* [Exercise aim]: The result should be an exact copy of only the lines from the one with "A large hilltop" through the last line of the data below, with pictures omitted.

* [Supplied records]:
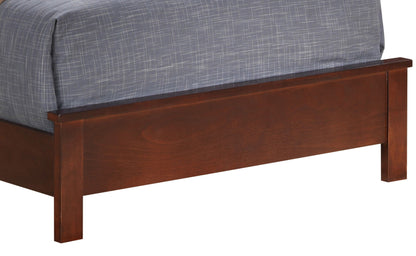 A close-up of the footboard on the Bed With Transitional Design Stylish, featuring a dark brown wooden finish and topped with a gray and white patterned comforter.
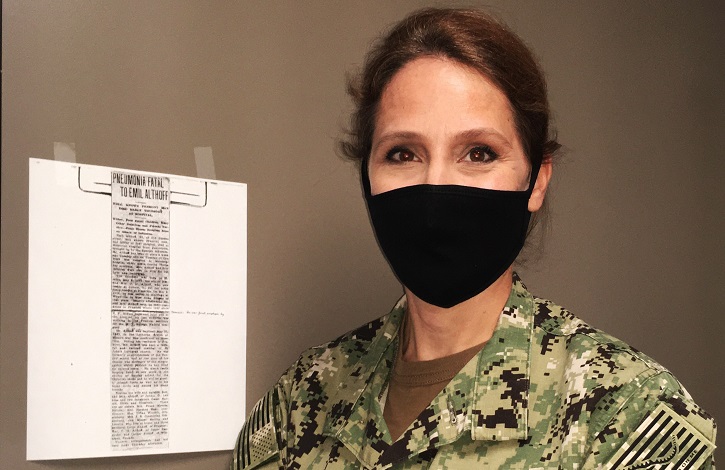 Image of Navy captain, wearing a mask, standing next to a piece of paper on the wall.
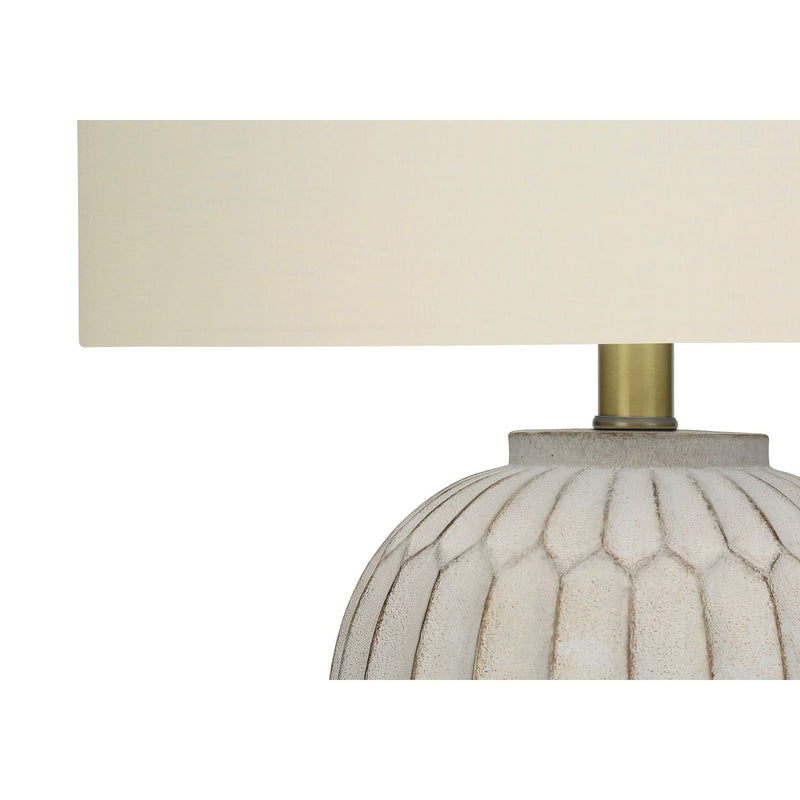 Cream-colored 8th Street transitional table lamp with a classic design, featuring a rounded base and fabric shade.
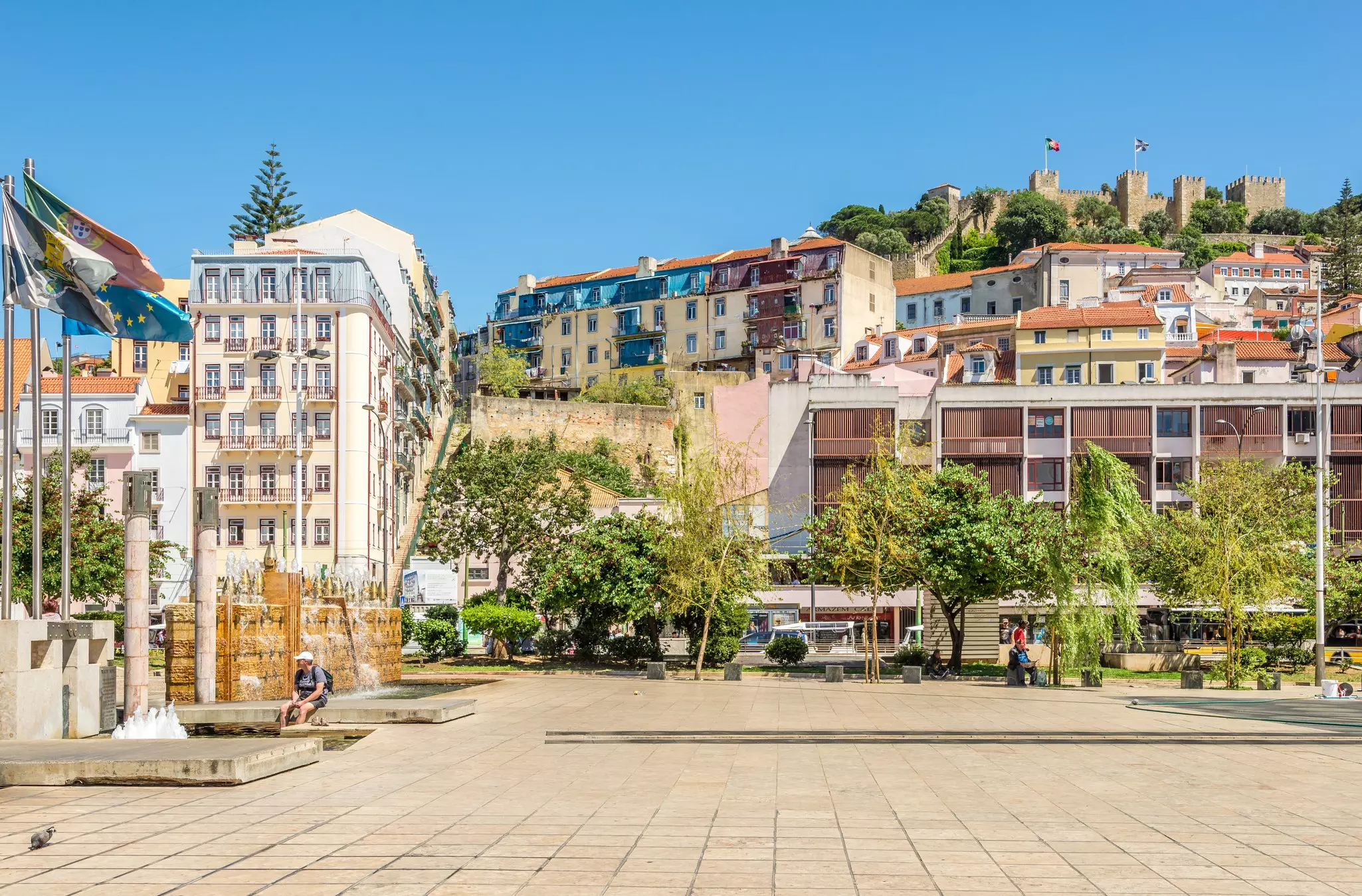 A large hilltop castle overlooks a city square.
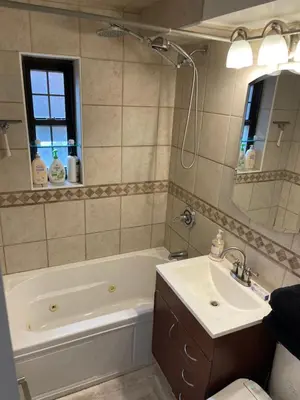 a bathroom with a tub and a sink and a mirror at Renovated Jacuzzi Tub Home NYC-LGA-JFK Washer-Dryer in Kew Gardens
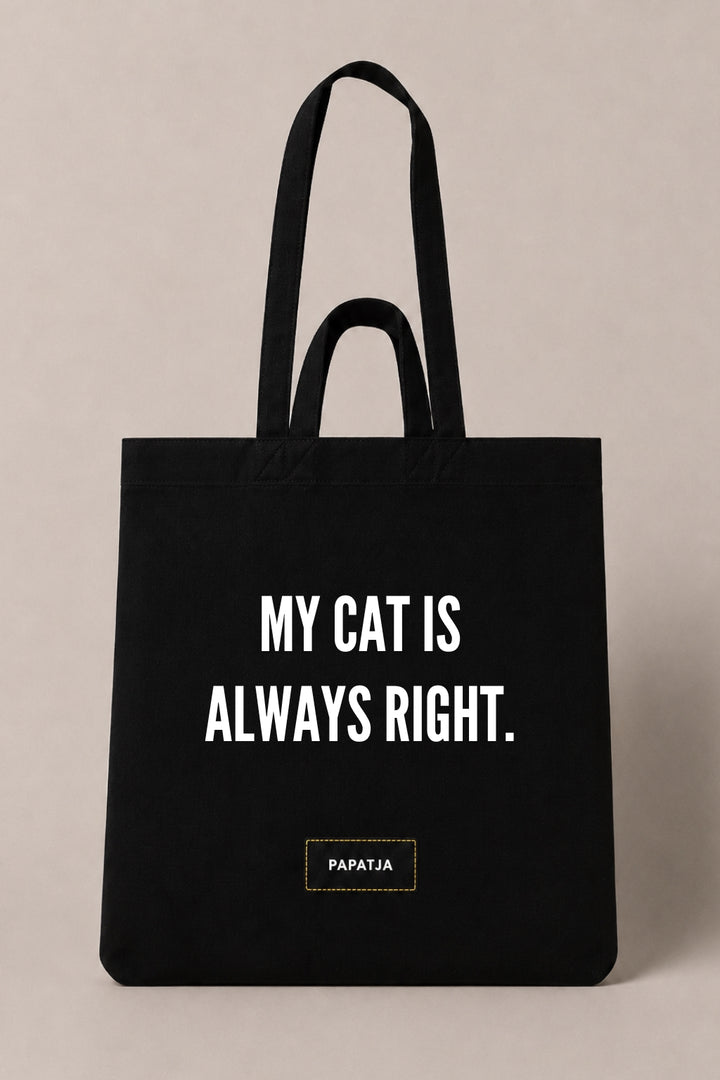 Black cotton PAPATJA tote bag with the quote My Cat Is Always Right, a funny gift for cat lovers.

* [Your response]:
 A large hilltop castle overlooks a city square.
 a bathroom with a tub and a sink and a mirror at Renovated Jacuzzi Tub Home NYC-LGA-JFK Washer-Dryer in Kew Gardens
 Black cotton PAPATJA tote bag with the quote My Cat Is Always Right, a funny gift for cat lovers.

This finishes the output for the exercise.